Berita dan Masyarakat, Alam
Apa Sakura dan Jepang daripada itu mahal
Sebuah simbol budaya Jepang
Hari ini, secara harfiah ada yang bisa menjawab pertanyaan tentang apa ceri. Pada akhir Maret dan awal April, berbicara tentang hal itu banyak terutama. Semua orang telah mendengar tentang apa yang terjadi pada musim semi keajaiban nyata Jepang - bunga sakura. Indah awan putih-merah muda bunga menutupi kebun dan taman.
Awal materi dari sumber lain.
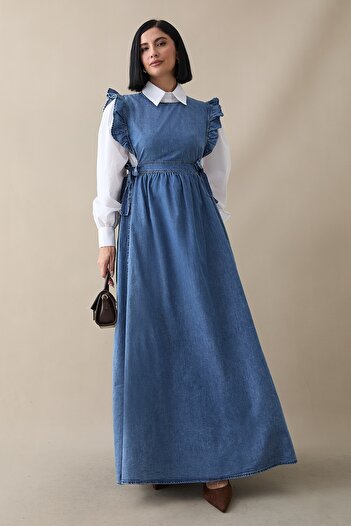 InStyle Φόρεμα Frida Blue Denim Gilet - Βολάν ώμου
ceri Jepang ini telah lama secara luas dianggap sebagai simbol budaya oriental, dan bunga di Jepang adalah hari libur favorit. Sakura telah lama dipuji dalam puisi dan lagu, memamerkan dalam lukisan seniman terbaik. Dia mengabdikan banyak tarian Jepang.
liburan pertanian
Beberapa sejarawan percaya bahwa kultus cherry berasal lama sehubungan dengan awal siklus pertanian baru. Faktanya adalah bahwa hanya awal April, Jepang menganggap datangnya musim semi ini. Pada saat ini dan mekar merah muda pucat dan bunga putih ceri lokal. Hal itu dianggap lebih rumit daripada mereka mekar, yang lebih lengkap dan panen lebih murah hati akan. Oleh karena itu, beberapa bahkan berbicara dengan pohon-pohon, mereka menari dan menyanyikan lagu-lagu dengan tujuan untuk menenangkan mereka dan dengan demikian menyediakan diri dengan rezeki untuk tahun berikutnya.
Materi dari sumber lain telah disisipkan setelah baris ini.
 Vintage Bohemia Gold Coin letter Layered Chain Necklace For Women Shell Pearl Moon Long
Komunikasi dengan nenek moyang
kefanaan hidup
Untuk banyak orang Jepang, yang tinggal sedikit lebih kaya daripada petani sederhana, jawaban untuk pertanyaan: "Apa Sakura" sedikit berbeda. Mereka menganggapnya sebagai simbol kefanaan tak terhindarkan dari kehidupan. bunga sakura Jepang hanya lima sampai tujuh hari, dan kemudian me-reset kelopak merah muda pucat di rumput dan aspal jalur muda. Banyak yang percaya bahwa ceri - kesamaan ini kehidupan manusia: itu hanya sebagai indah, tetapi juga pendek.
beberapa fakta
peternak modern telah dikenal selama lebih dari seratus lima puluh varietas cherry, yang berbeda dalam warna, kemegahan, bunga, preferensi iklim yang berbeda dan lain-lain. Setiap panduan ke Jepang menarik perhatian Anda pada fakta bahwa mayoritas varietas ini tidak berbuah, dan mata air memberikan estetis menyenangkan kontemplatif rendah hati.
Dengan alasan bahwa ceri, kami juga harus menyebutkan konsep "hanami". Seluruh gerakan ini (jika Anda ingin, atau proses pengajaran) mengagumi bunga di Jepang. Ketika ini atau kreasi indah lainnya mekar alam, penduduk setempat berkumpul di sekitar mereka dan mengatur menyenangkan acara keluarga. Di sana mereka makan dan minum anggur, mengobrol dengan keluarga, berbicara satu sama kata-kata jenis lain, atau hanya diam, melihat awan pink pucat bunga, penghormatan kepada alam dan keindahan.
Sayangnya, dalam masyarakat kita kami telah mengembangkan sedikit pandangan yang berbeda dari piknik.